One other thing that has not changed is the width of the tires. In my original review, I noted that the actual measurement of the tires as installed on my Mavic Open Pro rims came in at just over 26 mm, as opposed to the 28 mm listed on the sidewall. A couple of commenters suggested that the tires might increase in width over time, but so far that hasn't been the case -- or rather, any increase has been small enough to be relatively inconsequential. As I recall, my original measurement using a pair of digital calipers was about 26.2 mm. Right now, after about three months of use, I'm coming up with a measurement of about 26.5 mm -- still quite a ways off from 28. I'll continue to watch and monitor that - but for the time being, I'm still going to have to stick with my original assessment that if a person is after the largest tires that will fit, and they are trying to decide between two sizes, it probably wouldn't hurt to go with the larger one.
Rivendell "Thinny" Gloves
I first got the Rivendell leather gloves almost a year ago, drawn to the fact that they have no padding in the palms. Also, I have a retrogrouchy weakness for classic leather and crocheted cotton cycling gloves. The palms on these are a fine goatskin leather, though an imitation leather version is also available for the same $15 price. My original assessment on the gloves was that they were a good value and seemed to be pretty well-made for the price. I was hopeful that the lack of padding in the palms would relieve some of the discomfort I sometimes find with so-called "anatomic" padded gloves.
The gloves have even gone through the wash a couple of times with no real detriment. I hang them to dry - and when I'd first put them on after washing, the leather would be pretty stiff, but after only a few minutes of wearing they'd soften right up and feel "normal" again.
One thing I mentioned in my original review was fit. I found that the fit around my first three fingers (index, middle, ring) was good -- close, but not too tight -- but that the fit around the smallest finger and the thumb was really loose. I still find that odd. I mean, do other people tend to have really fat pinkies and thumbs? I did wonder if that looseness around the thumb would bother me, but in practice I often forget about it. I had thought that if it really annoyed me I might consider taking some cotton twine and do a bit of creative stitching to snug up the fit around the thumb, but it's never bothered me enough to go through the trouble.

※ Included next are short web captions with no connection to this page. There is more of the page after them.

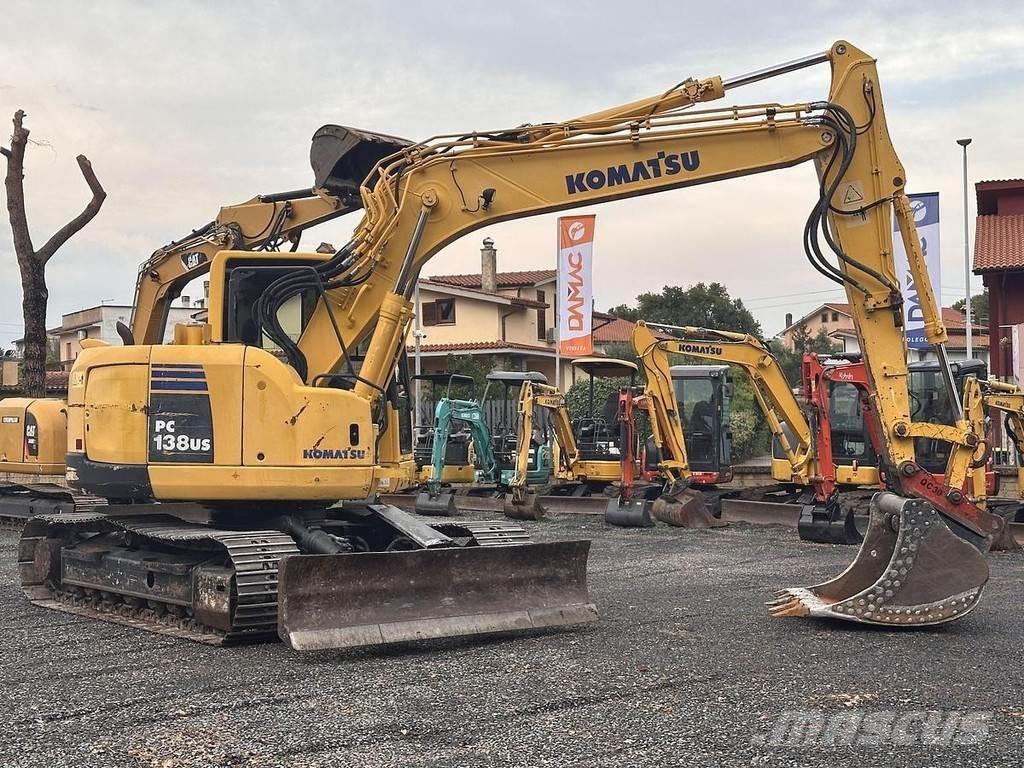 Komatsu PC138US-8 Excavadoras especiales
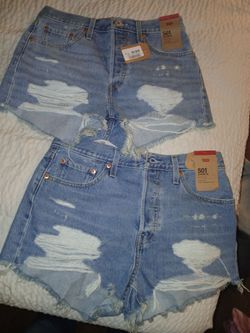 Levi 501 shorts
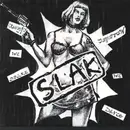 7inch Vinyl Single - Slak - Tonight We Drink - Tomorrow We Dance - Clear Vinyl with Greenish Tint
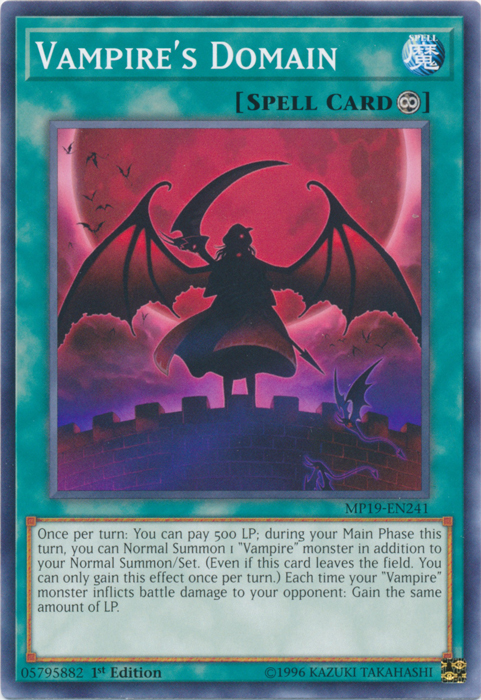 Vampire's Domain [MP19-EN241] Common | Good Games Adelaide SA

A final observation on the gloves: In the Rivendell website description of the gloves, Grant Petersen writes "If they last a year, that's great. They're cheap, they protect your hands, soak up sweat, and are not a precious multi-year investment." Well, it that's the standard, then these have exceeded expectations. I don't know if I'll get another year out of them (though it's possible -- but I've also been known to lose gloves long before they've worn out) but I've definitely gotten my $15 worth, and when the time comes, I'll buy them again.
Pearl Izumi Elite Barrier Convertible Jacket
I've used this jacket for about three years now, and used it a lot -- any time temperatures have been from just below freezing up through the 40s. After all that time, one thing I'm noticing now is that the elastic at the cuffs is starting to give out. This very morning, in fact, I found that the resulting gap at the cuffs was letting a bit of cold air go up my sleeves. It's disappointing to see happening, but I guess I shouldn't be surprised. I might be able to use it a little longer, but it's probably time to start looking at replacements. The design and styling of the jacket has changed somewhat since I got mine, but if they kept the functional good points, I'll consider getting another one when the time comes. By the way, there is a non-convertible version of the jacket - but with the extra functionality of being able to convert it from jacket to vest, I can't imagine why someone would get the regular version.